Soma: I have a lot more things to talk to Satya about but I know that we are running short of time here. I’m going to ask him one more question. You have a very unique vantage point in terms of who you talk to day in and day out, whether it’s Fortune 100 CEOs or whether it is heads of government or what-have-you. You recently mentioned something about one way to think about maybe the impact of AI success is its ability to boost the GDP of a country or the world or whatever it is. That’s a fascinating way to think about what AI’s impact would all be over a period of time. Can you elaborate a little bit on that?
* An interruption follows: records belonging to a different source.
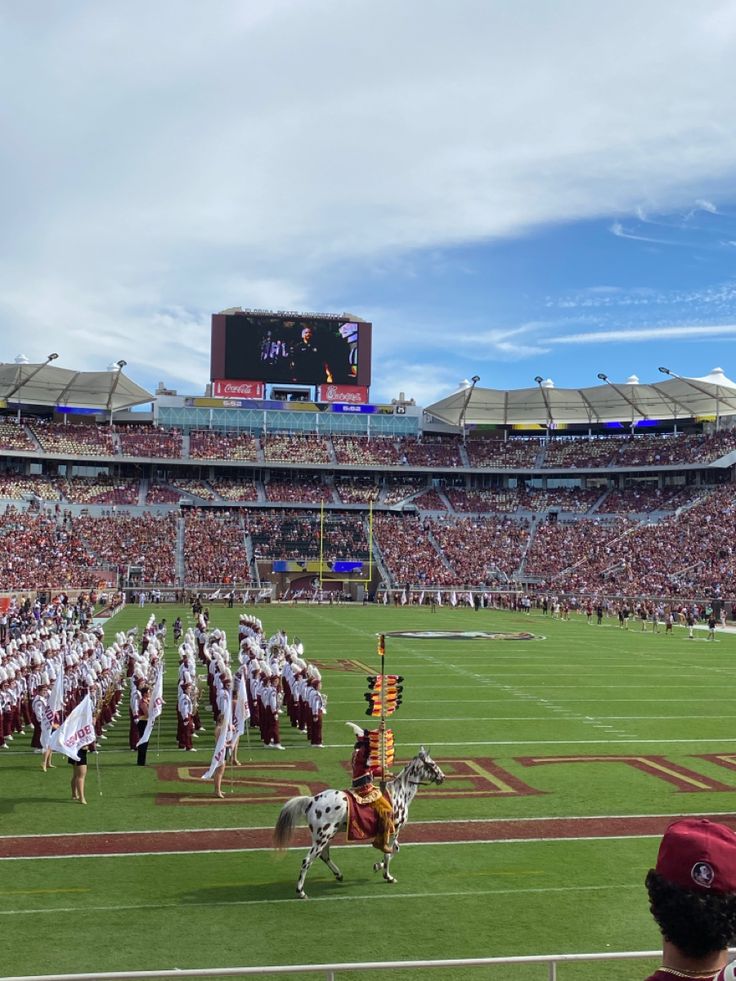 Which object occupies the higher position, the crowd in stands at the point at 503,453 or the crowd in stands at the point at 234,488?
the crowd in stands at the point at 503,453

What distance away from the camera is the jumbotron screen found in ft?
220

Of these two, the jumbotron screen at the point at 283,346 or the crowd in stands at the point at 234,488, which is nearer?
the crowd in stands at the point at 234,488

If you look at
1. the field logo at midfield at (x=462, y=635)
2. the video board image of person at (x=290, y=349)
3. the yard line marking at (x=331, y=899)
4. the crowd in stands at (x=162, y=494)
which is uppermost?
the video board image of person at (x=290, y=349)

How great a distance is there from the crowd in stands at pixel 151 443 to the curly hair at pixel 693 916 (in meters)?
63.5

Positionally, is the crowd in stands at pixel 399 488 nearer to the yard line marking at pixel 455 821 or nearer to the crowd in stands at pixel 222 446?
the crowd in stands at pixel 222 446

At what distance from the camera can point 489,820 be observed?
1093 centimetres

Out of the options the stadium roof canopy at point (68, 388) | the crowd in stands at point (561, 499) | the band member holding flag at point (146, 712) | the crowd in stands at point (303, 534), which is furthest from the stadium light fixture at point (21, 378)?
the band member holding flag at point (146, 712)

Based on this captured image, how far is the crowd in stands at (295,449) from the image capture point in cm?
6656

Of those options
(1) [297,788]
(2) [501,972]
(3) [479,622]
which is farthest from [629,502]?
(2) [501,972]

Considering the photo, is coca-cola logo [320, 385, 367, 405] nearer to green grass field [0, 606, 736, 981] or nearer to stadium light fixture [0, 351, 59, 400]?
stadium light fixture [0, 351, 59, 400]

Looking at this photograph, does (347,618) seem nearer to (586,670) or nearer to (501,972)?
(586,670)

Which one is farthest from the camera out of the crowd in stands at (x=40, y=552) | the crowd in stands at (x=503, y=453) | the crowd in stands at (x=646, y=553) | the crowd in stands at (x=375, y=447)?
the crowd in stands at (x=503, y=453)

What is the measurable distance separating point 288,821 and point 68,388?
64.1 metres

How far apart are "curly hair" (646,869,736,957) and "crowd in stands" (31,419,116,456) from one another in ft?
211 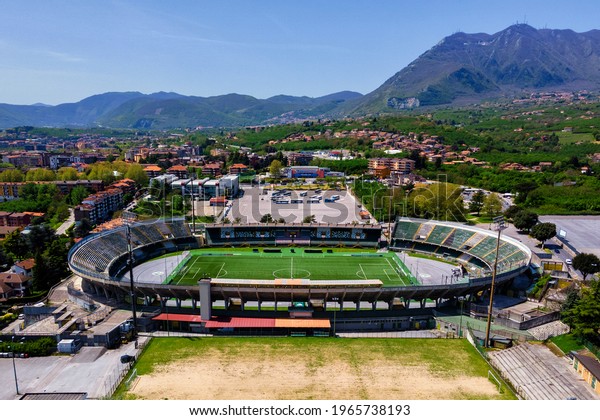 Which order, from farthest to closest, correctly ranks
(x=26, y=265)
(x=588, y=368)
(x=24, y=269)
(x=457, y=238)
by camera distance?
(x=457, y=238), (x=26, y=265), (x=24, y=269), (x=588, y=368)

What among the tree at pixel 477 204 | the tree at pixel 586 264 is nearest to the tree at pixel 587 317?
the tree at pixel 586 264

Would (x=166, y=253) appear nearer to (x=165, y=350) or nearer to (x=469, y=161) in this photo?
(x=165, y=350)

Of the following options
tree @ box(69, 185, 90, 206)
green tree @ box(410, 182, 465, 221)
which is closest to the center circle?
green tree @ box(410, 182, 465, 221)

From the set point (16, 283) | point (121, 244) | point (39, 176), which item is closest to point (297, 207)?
point (121, 244)

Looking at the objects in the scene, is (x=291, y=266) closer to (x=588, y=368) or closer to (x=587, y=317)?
(x=587, y=317)

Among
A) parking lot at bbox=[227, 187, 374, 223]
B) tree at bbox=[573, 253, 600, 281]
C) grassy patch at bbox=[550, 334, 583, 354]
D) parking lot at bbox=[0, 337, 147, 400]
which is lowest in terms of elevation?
parking lot at bbox=[0, 337, 147, 400]

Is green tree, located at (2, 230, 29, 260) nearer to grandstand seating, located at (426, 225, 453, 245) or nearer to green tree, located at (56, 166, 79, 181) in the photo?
green tree, located at (56, 166, 79, 181)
Satya Nadella: Yeah. I think I said that in response to all these benchmarks on AGI and so on. I find that entire … First of all, all the evals are saturated. It’s becoming slightly meaningless. But if you set that aside, just take the simple math. Let’s say you spend a $100 billion in CapEx, and then you say, okay, you go t to make a return on it, and then let’s just say roughly you are to make a $100 billion a year on it. In order for you to make a $100 billion dollars on it, then what’s the value you have to create in order to make that?

And it’s multiples of that. And so that ain’t going to happen unless and unt il there is broad spread economic growth in the world. So that’s why I look at it and say my formula for when can we say AGI has arrived when, say, the developed world is growing at 10%, which may have been the peak of industrial revolution or what have you, that’s a good benchmark for me. If you ask me what’s the benchmark. This is the intelligence abundance and it’s going to drive productivity. I think we should peg ourselves. In fact, we should say the social permission at least for companies to invest what they’re investing in, both from the markets as well as the broader society will come from, I believe, our ability to have broad sectoral productivity gains that’s evidenced in economic growth.
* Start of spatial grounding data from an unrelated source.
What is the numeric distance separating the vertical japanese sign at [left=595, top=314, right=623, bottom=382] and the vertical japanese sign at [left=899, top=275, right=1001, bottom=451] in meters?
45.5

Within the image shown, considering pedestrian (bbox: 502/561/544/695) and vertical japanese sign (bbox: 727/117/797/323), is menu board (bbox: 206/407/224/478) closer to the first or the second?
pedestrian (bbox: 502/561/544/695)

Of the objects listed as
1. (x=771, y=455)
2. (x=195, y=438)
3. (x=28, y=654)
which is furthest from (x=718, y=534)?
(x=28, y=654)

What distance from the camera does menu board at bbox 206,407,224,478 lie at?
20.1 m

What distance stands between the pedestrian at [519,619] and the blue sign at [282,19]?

And by the way, the one other thing that I’m excited about is this time around. It won’t be like the Industrial Revolution in the sense that it’s not going to be about the developed world or the Global North and the Global South. It’s going to be about the entire globe, because guess what? Diffusion is so good that everybody is going to get it at the same time. So that’ll be the other exciting part of it.

Soma: Great. Thank you, Satya. Thank you for being here, and congratulations again.